Recurso de la trabajadora
El tribunal ha rechazo el recurso de la trabajadora que alegaba que esos hechos probados no eran suficientes para establecer un despido improcedente. Argumentaba que durante más de ocho años nunca había sido sancionada, por lo que invocaba la aplicación de la teoría gradualista. En su opinión, tal y como recoge la web del Poder Judicial, no se respetaba la proporcionalidad entre el hecho imputado, comportamiento del trabajador y la sentencia impuesta.
“En efecto se constata que la trabajadora dispensa un trato ofensivo, con insultos en unos casos y alusiones desagradables en otros, a los ancianos residentes, tratándoles en suma de manera inadecuada, lo cual no solo implica una clara vulneración de la buena fe contractual y la concurrencia de un maltrato de palabra, sino algo más grave, la perturbación de la tranquilidad confianza y comodidad de los residentes”, afirma el TSJPV.
El tribunal añade que no se está ante un único hecho aislado o puntual, sino que la sentencia de instancia da por probados varios y referidos a distintos residentes, “por lo que más que un hecho aislado estamos ante una práctica que se reitera en varias ocasiones en su proceder profesional”.
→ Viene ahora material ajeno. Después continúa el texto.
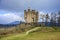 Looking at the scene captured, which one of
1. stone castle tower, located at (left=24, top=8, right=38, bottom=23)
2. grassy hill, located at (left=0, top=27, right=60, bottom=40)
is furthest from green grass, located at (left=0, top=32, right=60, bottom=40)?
stone castle tower, located at (left=24, top=8, right=38, bottom=23)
“Los hechos revisten la necesidad gravedad y culpabilidad y un juicio de reprochabilidad: culpabilidad y gravedad que, como requisitos de imprescindible concurrencia exige el artículo 54.1 del Estatuto de los Trabajadores. Y ello por cuanto que la demandante ostenta una posición de garante en el cuidado de personas ancianas, enfermas o desvalidas, que constituyen un colectivo especialmente vulnerable, lo que impide por lo demás cualquier atisbo de posibilidad de aplicar la teoría gradualista invocada”, concluye el TSJPV en una sentencia que no es firme y puede ser recurrida ante el Tribunal Supremo.